I probably should have noted that I'm now 62, so the marathon was more than 25 years ago. I still do 5k road races, and masters track. I'd accept that I may not have perfected marathon training, but it certainly wasn't a question of not being able to push myself. If anything I over did that when I was younger.
What I was trying to convey is that even with a degree of athletic ability, your genetics are going to determine the distance range over which you can effectively deploy that ability.
My genetics predisposed me to the shorter end of things. I could do sessions of 3 x (4x150m) acceleration runs and crack 12:00 for the last 100m, and I ran 52:xx for 400m. While it's not exactly flying, for a club runner it indicates reasonable speed. The fast twitch that let me do that, combined with a decent V02 max, made me best at 3000m. I did manage to place in the U.S. Masters at 5000m also, but I never had a stage where I could actually run 5000m hard.
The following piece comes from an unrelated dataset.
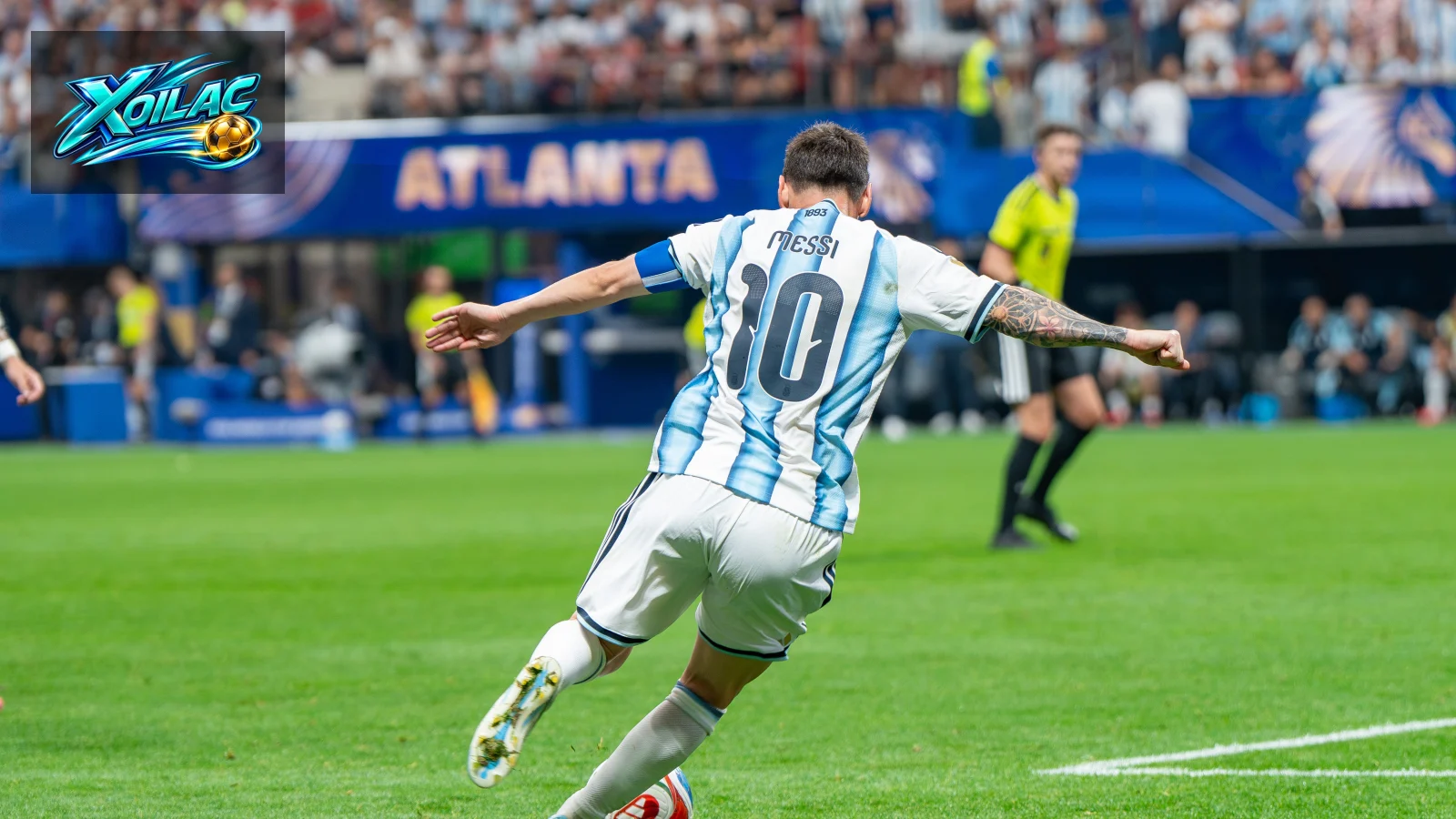 Lionel Messi thi đấu cho Argentina trong trận quốc tế năm 2026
I did also manage an 88% age graded 10k at 54, but generally always did get comparatively worse the further up from 3000m I went.
For me, however, build and percentage of fast-twitch, meant that I was always going to be limited at the marathon.
You are probably a runner with more slow-twitch, and than enables you to run much closer to your maximum pace - and you're clearly admirable determined - had I gone through 10k faster than my 10k best, you would have needed a dustpan and brush to clear up the mess.